┌────────

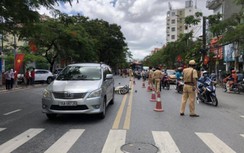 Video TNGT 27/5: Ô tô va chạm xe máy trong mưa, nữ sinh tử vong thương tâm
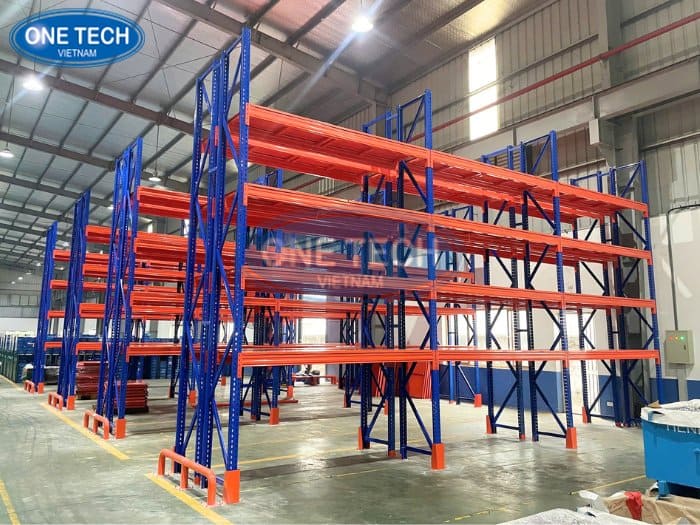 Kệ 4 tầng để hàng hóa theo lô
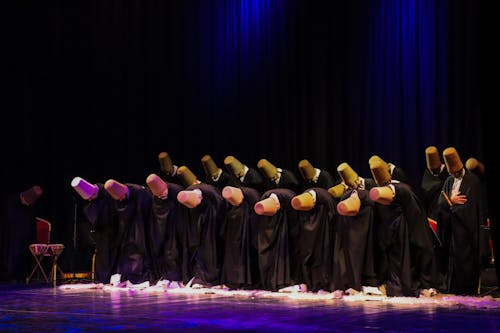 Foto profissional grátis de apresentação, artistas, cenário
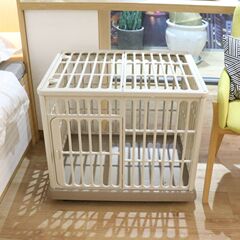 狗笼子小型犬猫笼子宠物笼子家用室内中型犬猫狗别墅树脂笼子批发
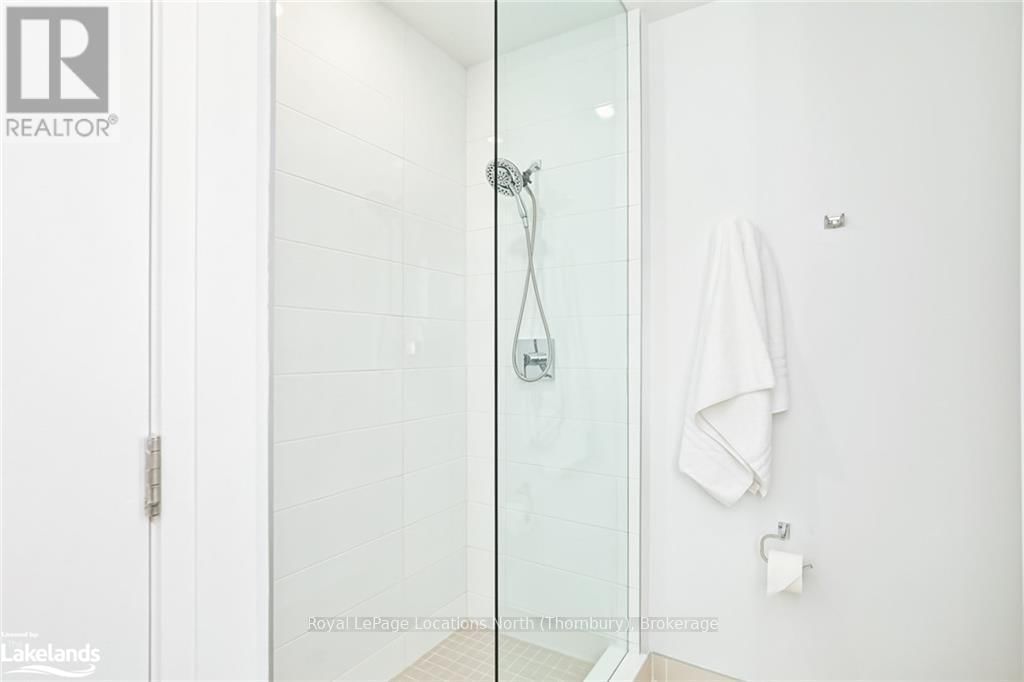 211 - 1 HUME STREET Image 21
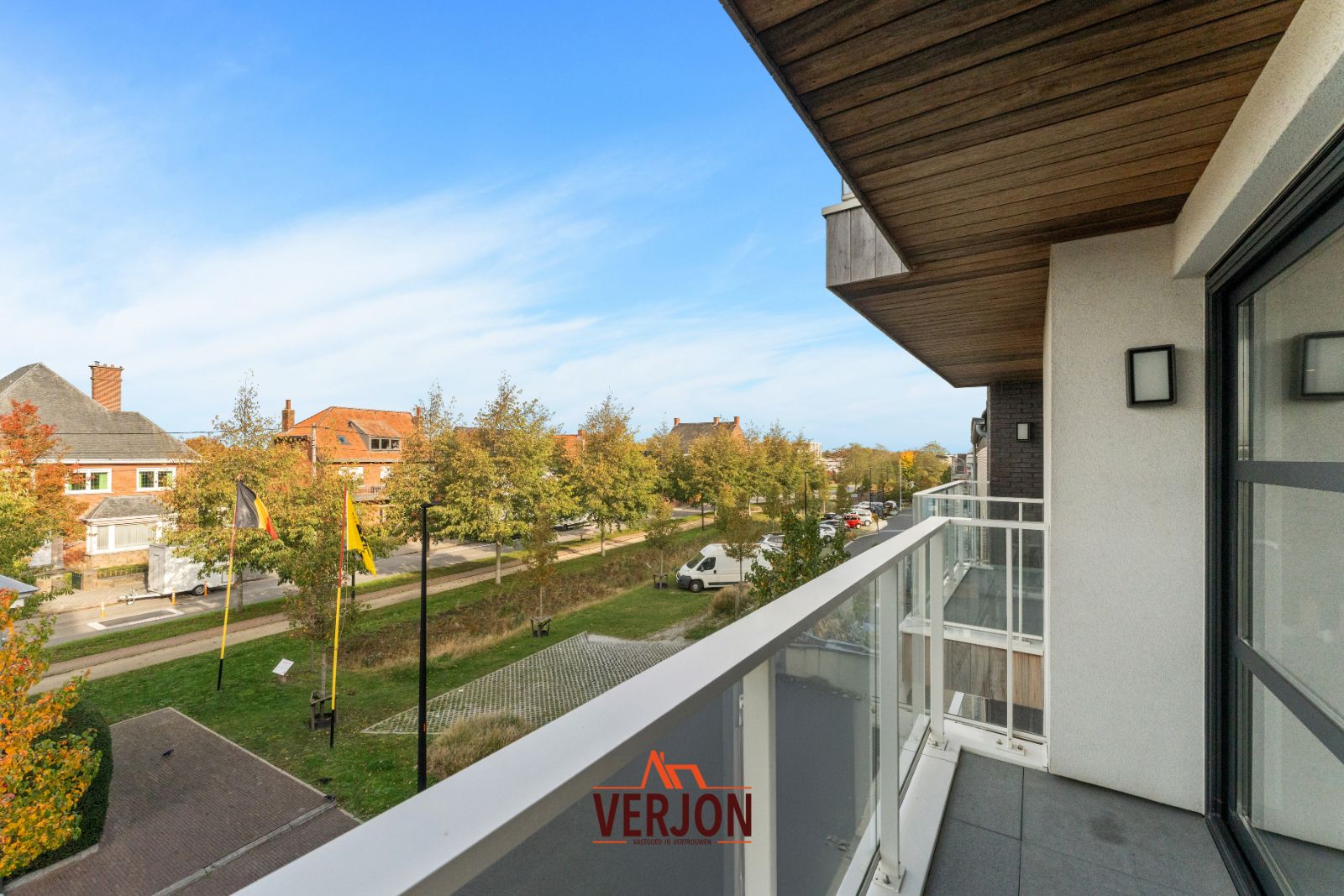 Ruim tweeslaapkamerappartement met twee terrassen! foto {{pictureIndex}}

└────────
┌────────

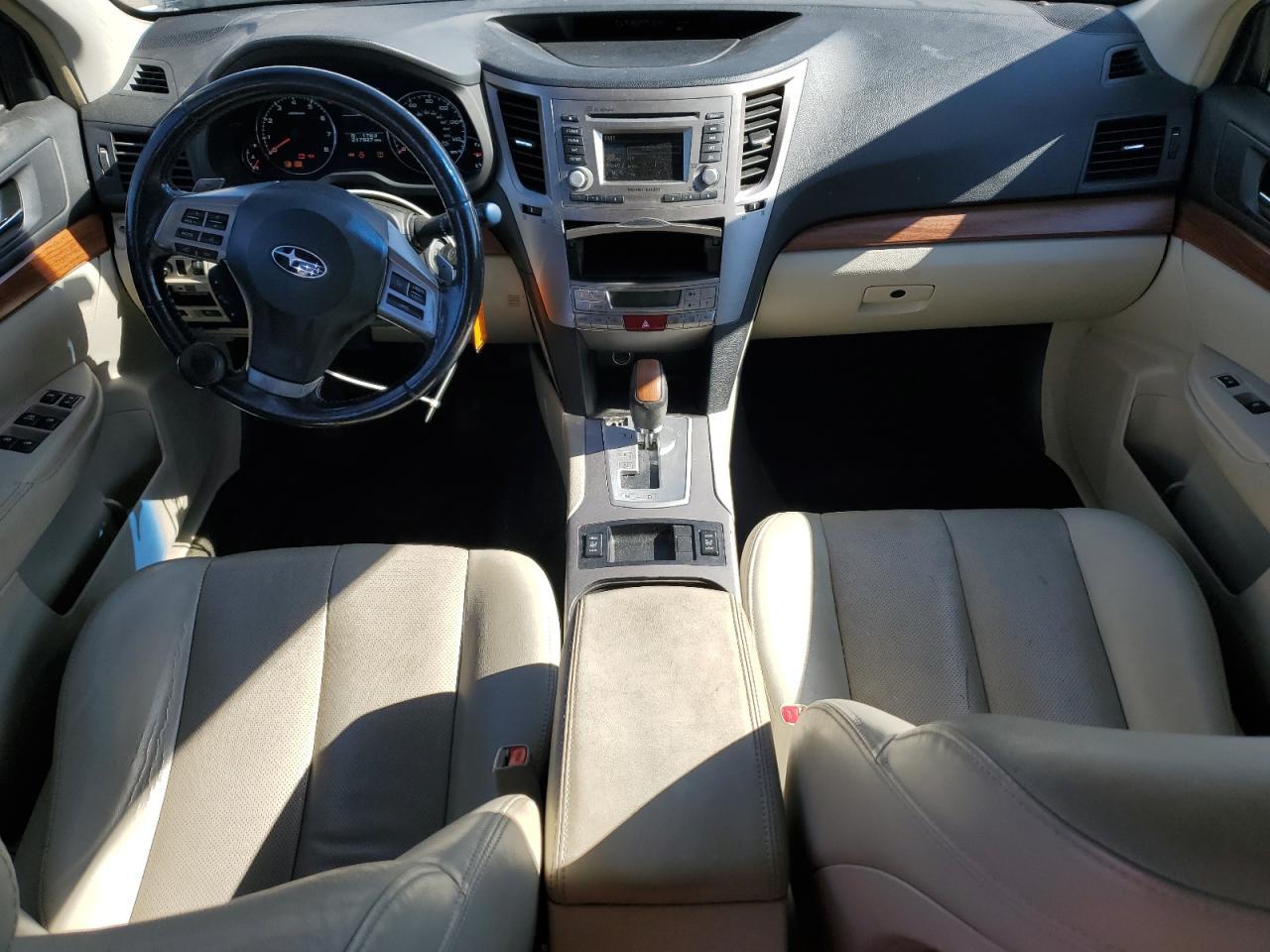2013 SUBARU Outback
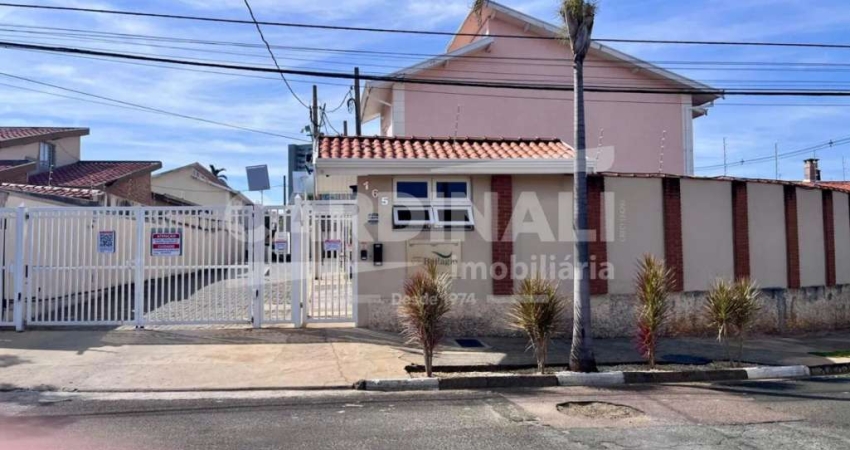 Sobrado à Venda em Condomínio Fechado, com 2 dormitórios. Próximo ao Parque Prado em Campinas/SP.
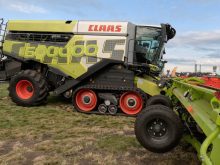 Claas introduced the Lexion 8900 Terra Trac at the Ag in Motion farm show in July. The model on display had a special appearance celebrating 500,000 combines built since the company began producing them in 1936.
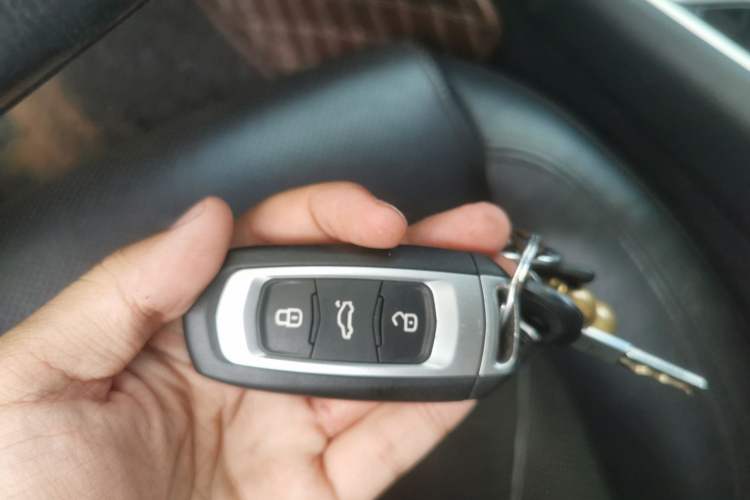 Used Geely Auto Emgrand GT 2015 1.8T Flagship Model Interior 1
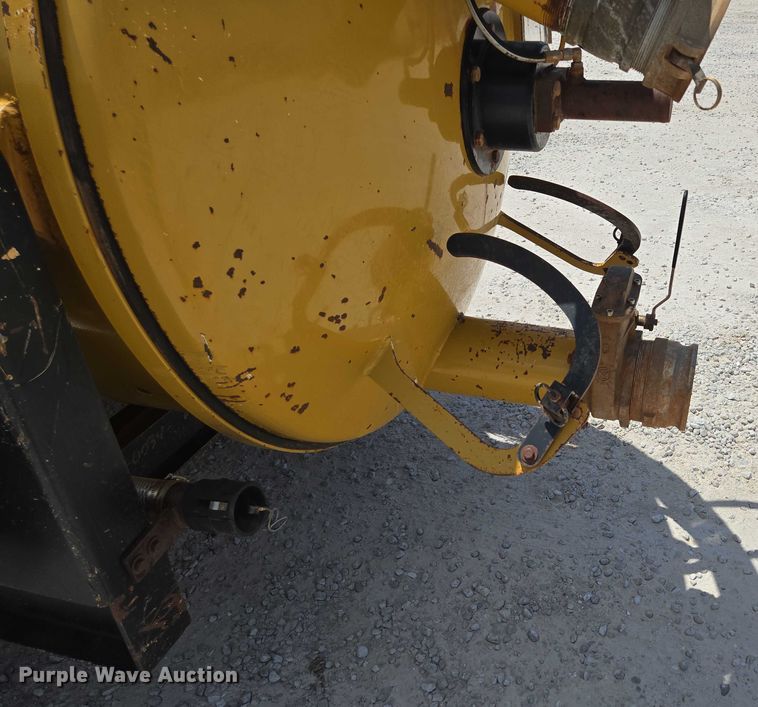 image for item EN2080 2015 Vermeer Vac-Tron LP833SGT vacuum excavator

└────────

= EXERCISE =
In the material above, which lines fall between the one holding "Kệ 4 tầng để hàng hóa theo lô" and the one holding "Ruim tweeslaapkamerappartement met", inclusive? Print exactly those, with the pictures left out.

= OUTPUT BELOW =
 Kệ 4 tầng để hàng hóa theo lô
 Foto profissional grátis de apresentação, artistas, cenário
 狗笼子小型犬猫笼子宠物笼子家用室内中型犬猫狗别墅树脂笼子批发
 211 - 1 HUME STREET Image 21
 Ruim tweeslaapkamerappartement met twee terrassen! foto {{pictureIndex}}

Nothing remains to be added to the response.